UK plc will feel the squeeze, says RUTH SUNDERLAND

UK plc will feel the pressure: ultimately higher productivity and growth is the only way out, says RUTH SUNDERLAND

  • We should be concerned about British business
  • UK plc – as well as the government – is facing much higher levels of debt
  • The water industry, a traffic accident, and other companies with debts will come under pressure

When the bosses of the High Street mortgage lenders recently went to meet Jeremy Hunt, they went to great lengths to tell the Chancellor that millions of homebuyers are very concerned, but only a small percentage are really in trouble.

The banks believe that the majority of borrowers will be able to meet higher repayments, albeit with some painful sacrifices.

The current crop of chief executives was still young during the massive takeback crisis of the late 1980s and early 1990s. But their belief is that the same mistakes will not be repeated because they have the financial resources and the willingness to help families through it.

The banks also have much more advanced data analytics, giving them much better insight into their customers: lenders can alert them to those who get into trouble.

Most owner-occupiers are mortgage-free, and millions more have significant equity in their properties. Of those who do have a home loan with one leading institution, the average income is a healthy Β£75,000 a year. This confirms the government’s refusal to provide aid to taxpayers.

Feel the squeeze: UK plc – as well as the government – ​​is facing much higher levels of debt

That would amount to a subsidy that goes mostly to people who don’t really need it, which would be inflationary in itself. It would also fuel the post-Covid lifeboat mentality, where the government is expected to endorse any calamity.

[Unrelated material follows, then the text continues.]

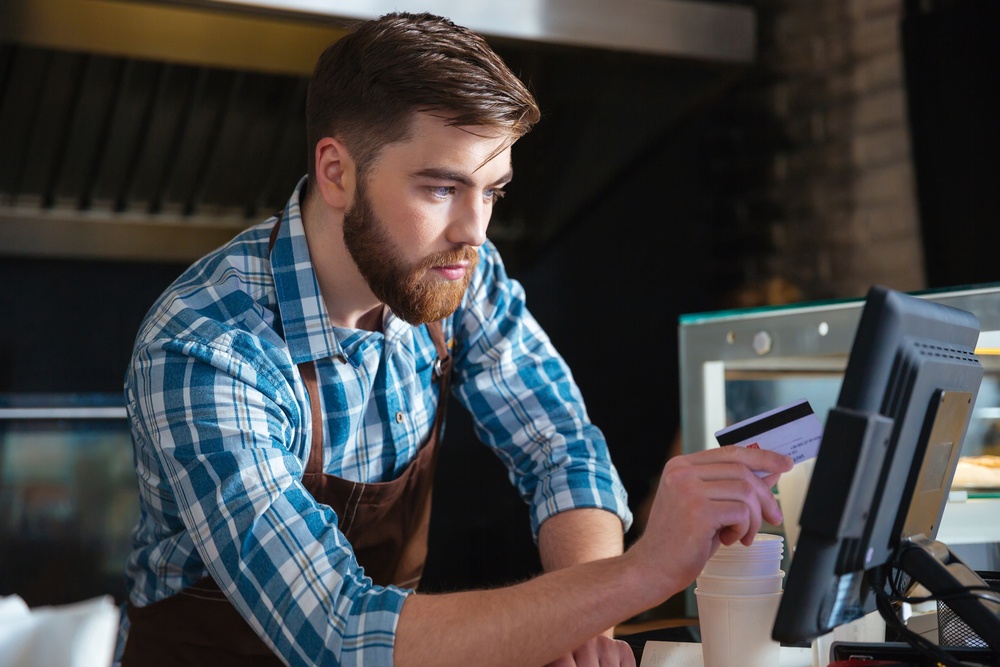 Handsome concentrated bearded waiter swiping credit card through the computer terminal in cafe.jpeg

Rate hikes are supposed to hurt, and if they don’t, they won’t work. That said, the outlook for households could worsen.

At the moment it seems that most people can take the price pain, but that scenario is based on unemployment remaining low. Will it though? Sectors such as leisure, restaurants and transport are likely to be affected by consumer tightening. Jobs could be lost in those sectors and others, such as agriculture.

If the unemployment rate rises from the current 3.8 percent to, say, 5 percent β€” still historically low β€” it would be a shock to the economy.

House prices have remained relatively robust, which has supported confidence.

The latest national figures show an annual decline of 3.5 percent in the year up to and including June. The decline would accelerate as unemployment picks up.

We also have to worry about British business. UK plc – as well as the government – ​​is also facing much higher levels of debt. The water industry has been a very public victim and other heavily indebted companies will come under pressure.

There will be furrowed eyebrows for entrepreneurs running small businesses who had to borrow through Covid, then faced monstrous utility bills and now rising rates.

Even in the absence of large-scale failures, this is not a favorable environment for companies to invest.

The UK compares unfavorably to the US as an investment destination, where money is pouring in thanks to President Biden’s Inflation Reduction Act.

The latest UK business investment figures for the first quarter are even better than expected with an increase of 3.3 percent.

This is partly due to projects being brought forward to take advantage of tax benefits. All in all, the trend has been weak for years.

The government should support industries where we have the scope to excel. It should also partner with companies such as Centrica, which wants to invest Β£2bn in a hydrogen storage facility that could make the UK a world leader if ministers provide a sensible regulatory framework.

Ultimately, higher productivity and growth is the only way out.